WICHITA, Kansas – Confusion at City Hall who owns the land for Clapp Golf Course and who is behind the possible deal in the works to sell off part of city land for a commercial venture.
KSN has been collecting the details to get to the bottom of an issue.
KSN knows a developer wants to purchase land at the corner of Harry and Oliver for a business venture.
City leaders say they really don’t know what’s going on with the process that’s being handled by the Wichita Parks and Recreation Department and don’t know what developers want to do with the land.
Mayor Carl Brewer spoke to KSN right after a city council workshop.
He says the city council is in no way shape or form involved with the potential development deal over at Clapp.

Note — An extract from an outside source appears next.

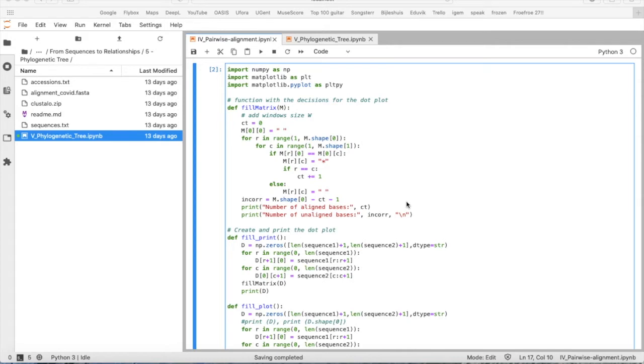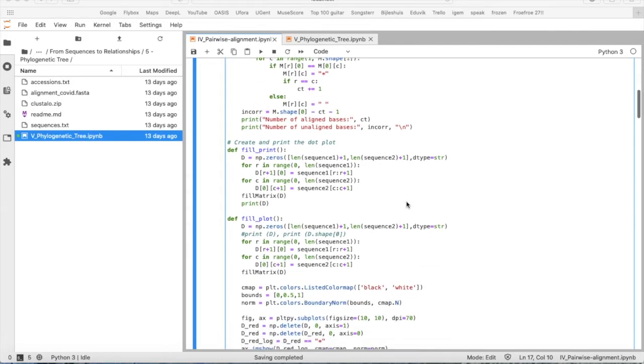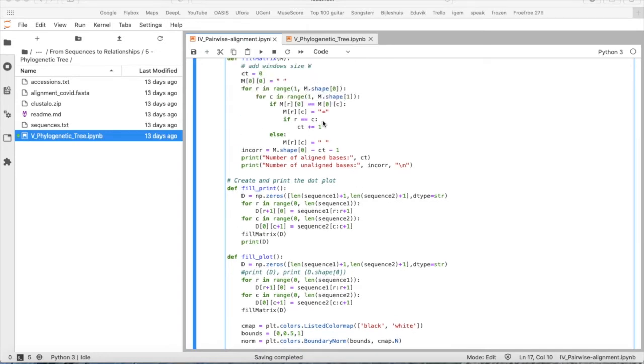So we will make two separate kinds of dot plots. And every kind of dot plot needs another function, of course. First of all, we define the function fill_print. We will just print the dot plots as this dot or an empty space.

“As far as whether it’s QuikTrip, or not, we don’t know if its QuikTrip,” said Brewer. “I can tell you in all honesty, city council members have no idea because that has not been a discussion, that’s a discussion that’s happening with the park board.”
It is a discussion that the mayor and council members say they have not been a part of because it is still early in the game.

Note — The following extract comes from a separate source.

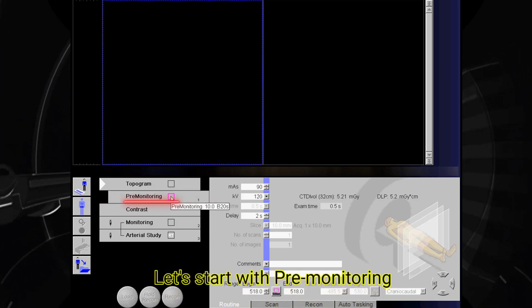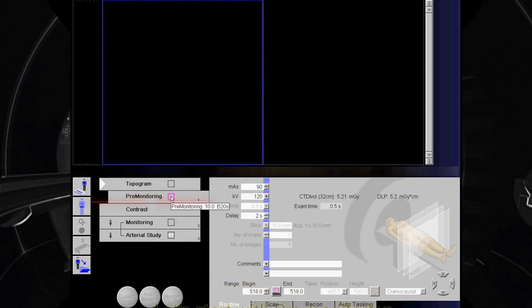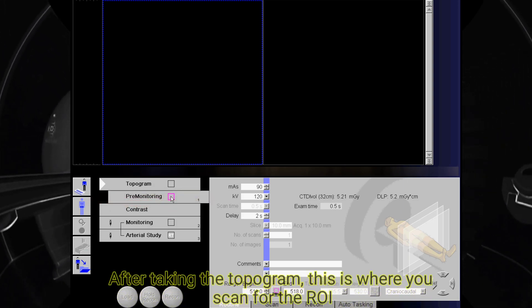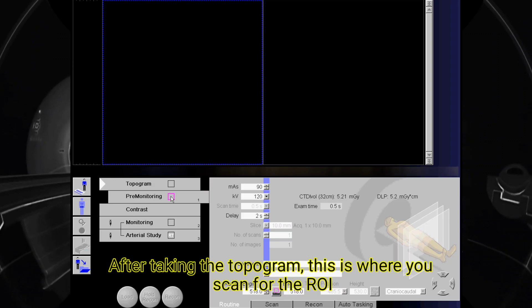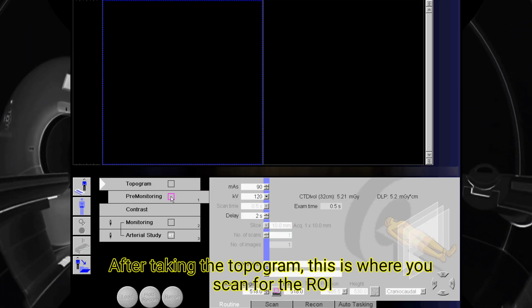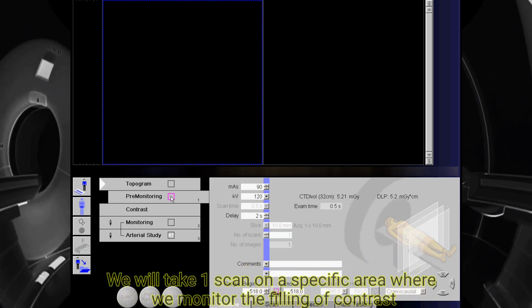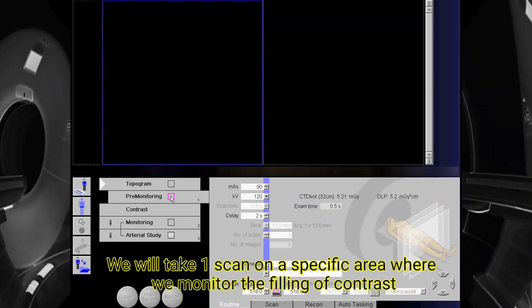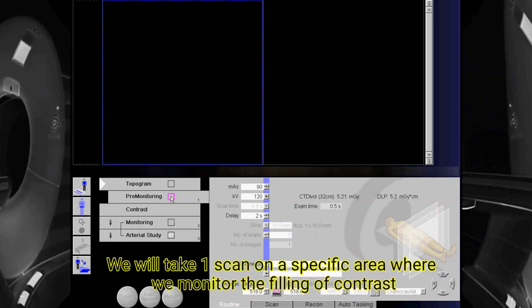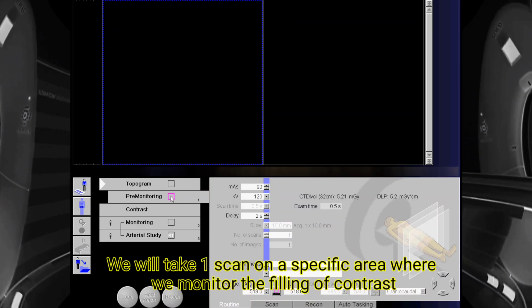Let's start with pre-monitoring. After taking the topogram, this is where you scan for the ROI. We will take one scan on a specific area where we monitor the filling of contrast.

“It hasn’t made it our table yet because the fact that we don’t get involved in park land and those types of things until park board tells us this is what we’re interested in,” said Brewer.
Here is how the process works.
KSN learned a big name developer reached out to the city’s real estate administrator saying the firm is interested in turning that piece of land at Clapp Golf Course into a commercial development.
That request was shared to the Park Advisory Board, which is made up of seven members, unpaid volunteers who were appointed by a city council member.
The board is in charge of managing all city parks, recreation centers, and golf courses.
Parks and Recreation actually owns all that land, not the city, so they can make any decision they want to regarding the land.
In this case, it would eventually go to the council chambers, because the council needs to approve any zoning change to turn land into commercial use.
“Anyone can actually go to any of these bodies, and they can take anything to them that they want, and it still has nothing to do with us until it actually comes to our desk,” said Brewer.
Again, the city doesn’t actually have to approve the sale of park land.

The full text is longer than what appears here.